The red queen by Philippa Gregory

Review by Lynley, Nerang Branch

From her novels of the Tudor women, the author has stepped back in time to their immediate predecessors, the last of the Plantagenets and the Wars of the Roses.

The Plantagenets were the longest lasting dynasty of the English monarchy and the longer it lasted the more fierce became their feuds and rivalries. By the end of the dynasty their family tree was an interwoven mess, requiring dedicated study to sort through and providing rich pickings for novelists.

This series, Cousins’ War, looked first at Elizabeth Woodville, Edward IV’s queen in The White Queen, and now The Red Queen, Margaret Beaufort.

The king, Henry VI, was descended from John of Gaunt, Duke of Lancaster, by his first wife. He was mentally ill and the country was being run by his hated and feared French queen, Margaret of Anjou. Their son, the Prince of Wales, was a vicious bully, an unpromising candidate for king.
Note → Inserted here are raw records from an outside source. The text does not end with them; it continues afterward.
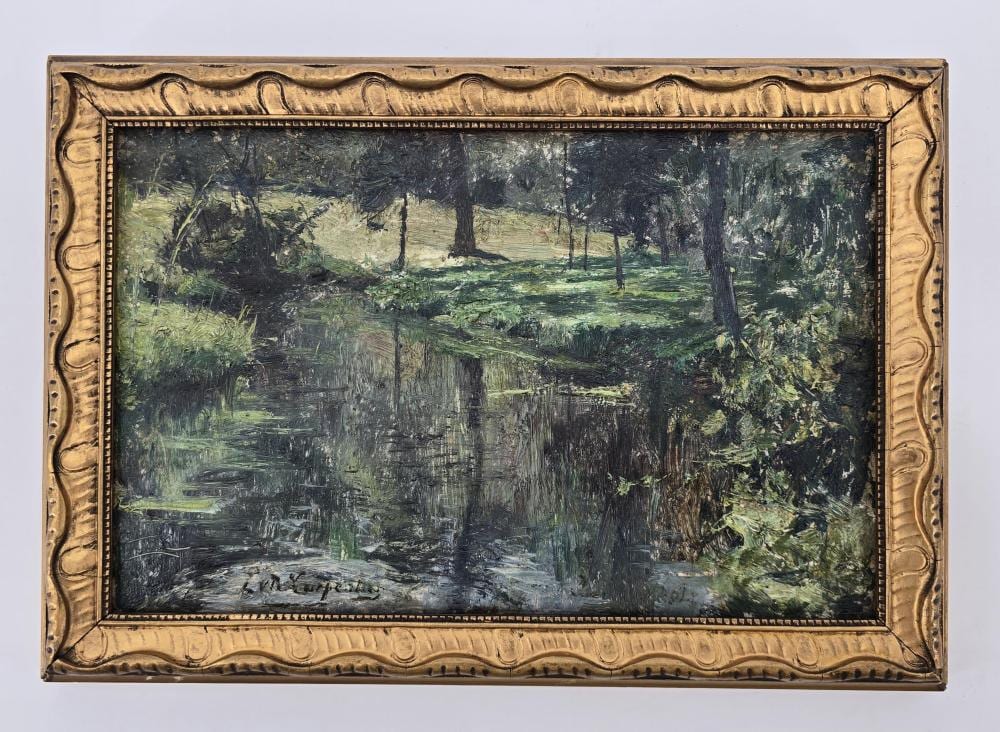 Evariste Carpentier comparable auction result: evariste carpentier 1854 1922 paysage la rivi re huile sur panneau dimensions 15 x 23 cm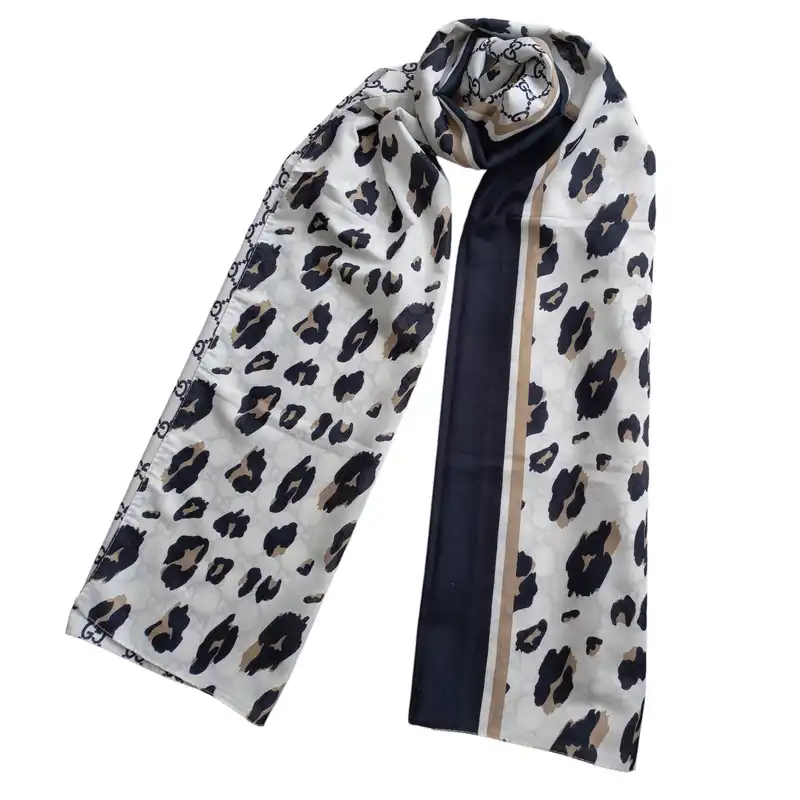 شال زنانه مدل نخی تابستانی پلنگی زنجیری کد 554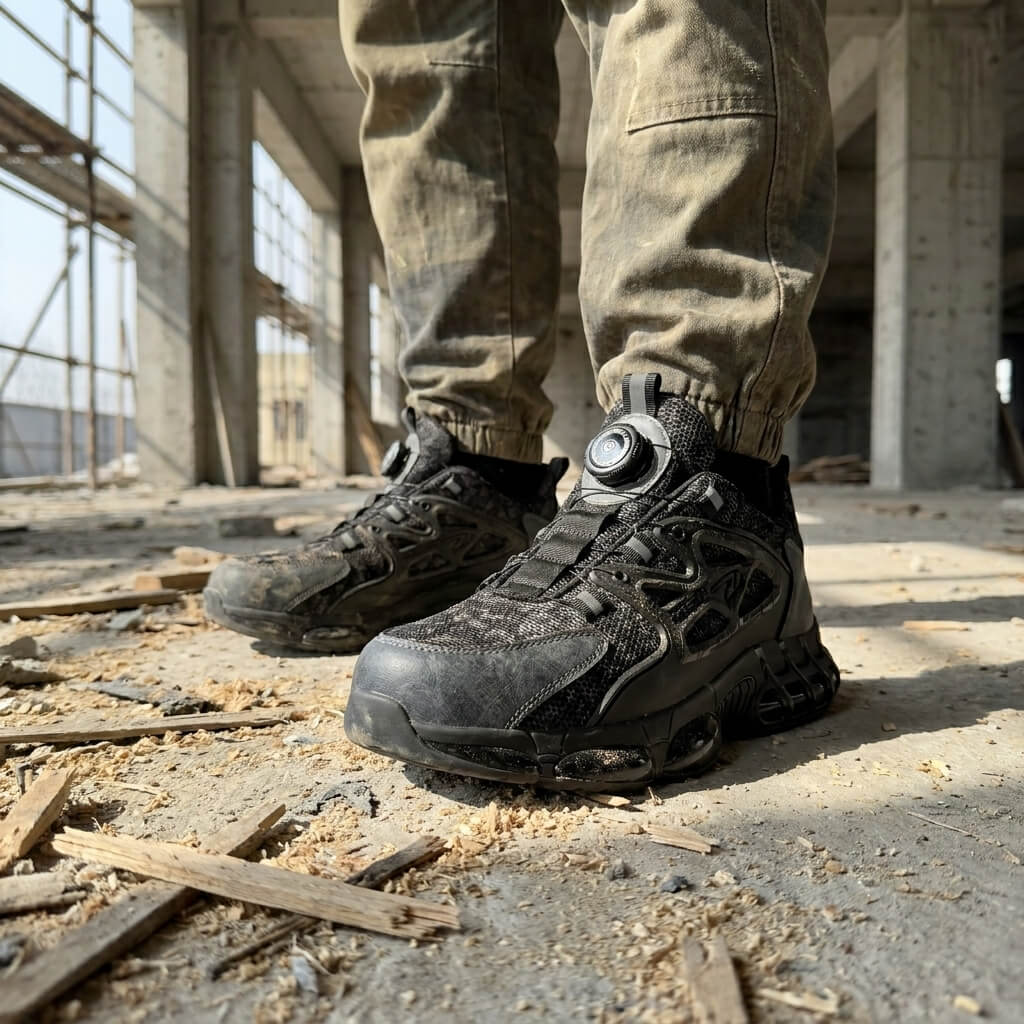 STROVAK Core safety shoe worn by warehouse worker during everyday shift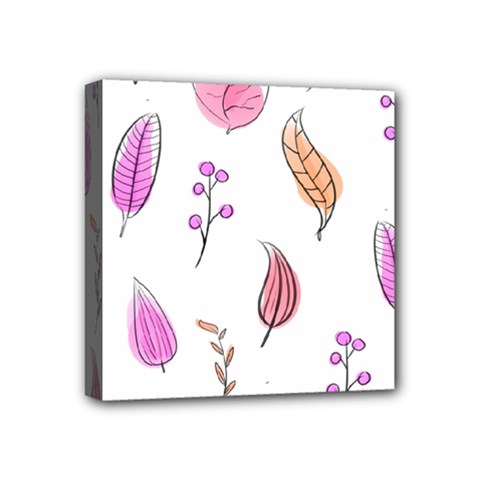 Leaves-pink Mini Canvas 4  X 4  (stretched) by nateshop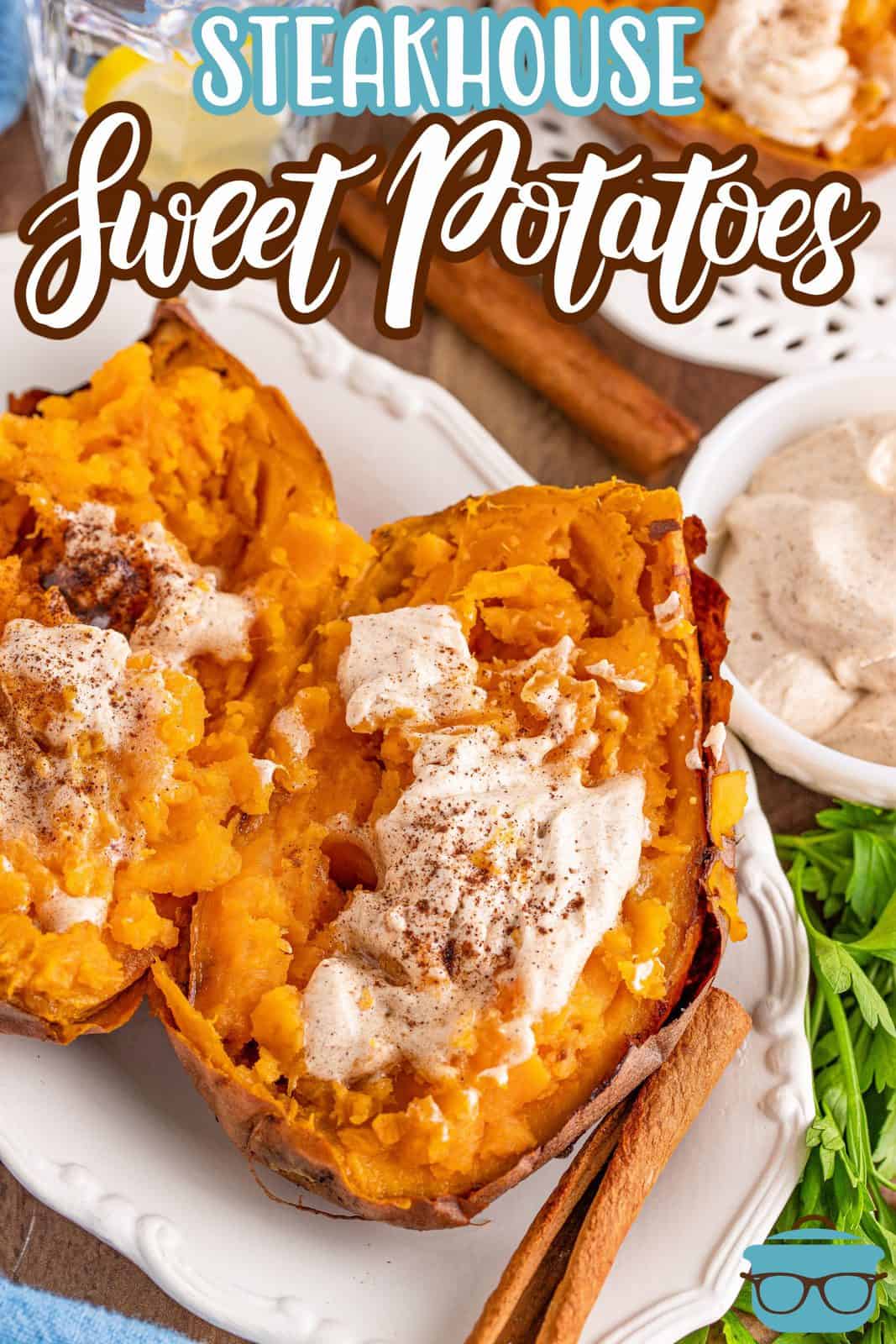 Pinterest image of Steakhouse Sweet Potatoes split open topped with butter.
Margaret Beaufort, descended from Lancaster by his third wife, was considered the saviour of the House of Lancaster and the royal line. An unloved child, fiercely devout and proud of he “saint’s knees” from all her praying, she was 12 when she was forced into marriage with Edmund Tudor. By 13 she was the mother of the future Henry VII, born after his father’s death. Her great relief at this was short-lived for as soon as she was “in the world” again, she was rushed off to her next forced betrothal.

She chose her third husband herself, for his ability to always be on the winning side and turned him to her son’s cause.

Margaret led a loveless and bitter life and loathed her daughter-in-law Elizabeth of York for no better reason than that she was the daughter of Elizabeth Woodville

But for all its seeming bleakness this novel is of the high standard that comes from Philippa Gregory and is a readable account of the life of a woman more often a footnote in history.